▶ What needs to be done
Span requested from the data below: the line with "Lace-Up Flare Jeans (Women) | Nordstrom" through the line with "Planche à découper", both included. Give only these lines again, exactly, and leave every picture out.

▶ Input records
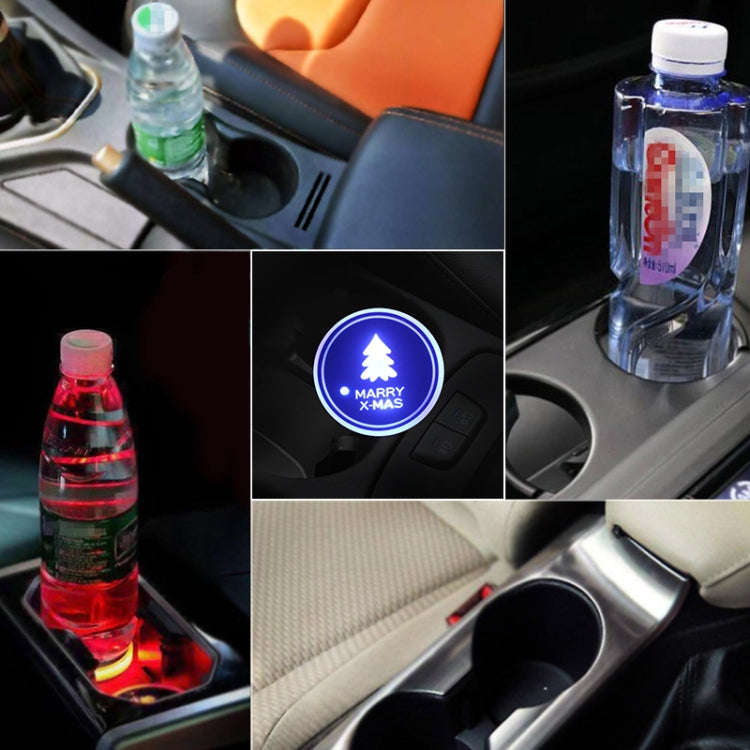 Car AcrylicColorful USB Charger Water Cup Groove LED Atmosphere Light(Christmas Tree)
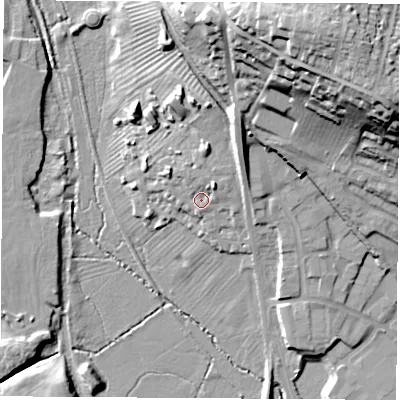 Shaded relief map of the ground around DE74SE, computed from Environment Agency LiDAR. The ground here sits at about 50 m above sea level and falls 44 m across the surrounding 800 m. Surface water reaching this point runs off ground lying to the north-north-east, 37.3 m higher.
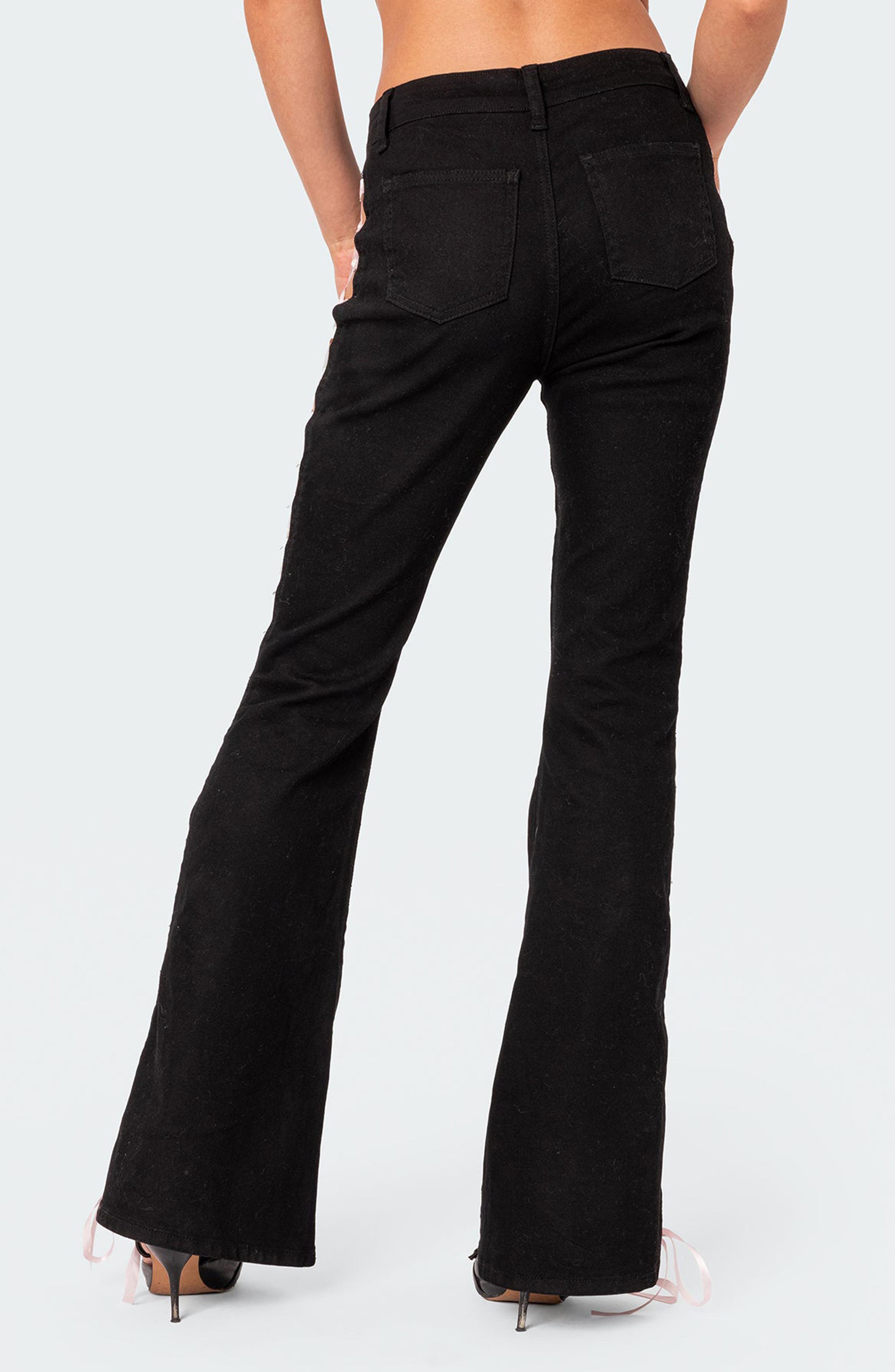 Lace-Up Flare Jeans (Women) | Nordstrom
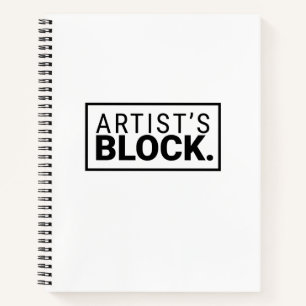 Schwarz-weißes Spiralnotizbuch "Artist's Block" Notizblock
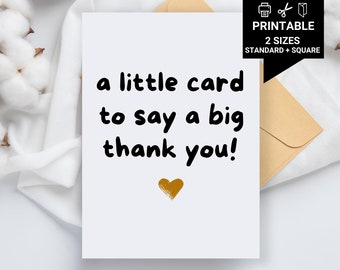 Thank You Card - Little Card To Say A Big Thank You - Printable Thank You Card, Birthday Card, Appreciation Card, Printable Card For Mentor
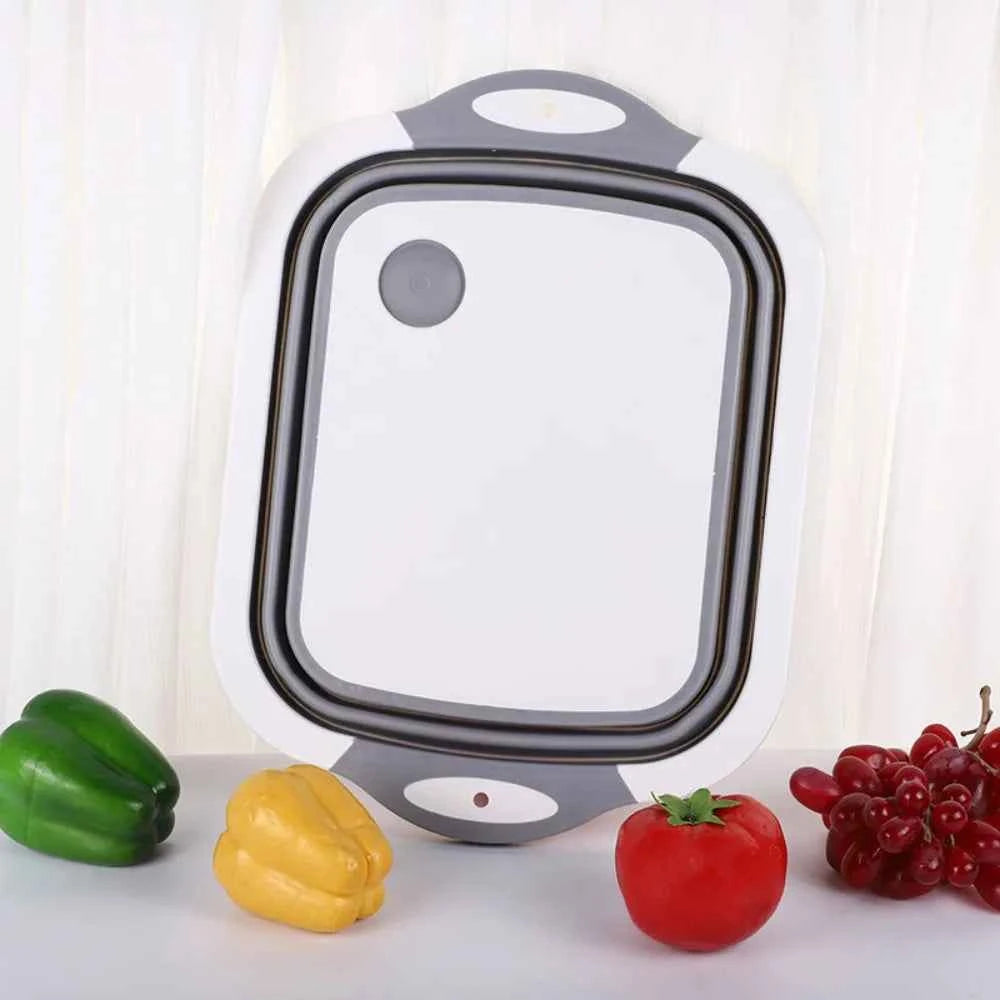 Planche à découper pliable multifonctionnelle 3-en-1 en plastique™  |, avec bac de lavage portable pour légumes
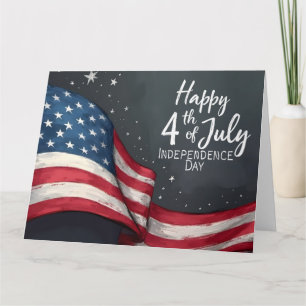 Tarjeta De Agradecimiento Feliz 4 de julio Ilustración de arte de bandera vi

▶ Answer area
 Lace-Up Flare Jeans (Women) | Nordstrom
 Schwarz-weißes Spiralnotizbuch "Artist's Block" Notizblock
 Thank You Card - Little Card To Say A Big Thank You - Printable Thank You Card, Birthday Card, Appreciation Card, Printable Card For Mentor
 Planche à découper pliable multifonctionnelle 3-en-1 en plastique™  |, avec bac de lavage portable pour légumes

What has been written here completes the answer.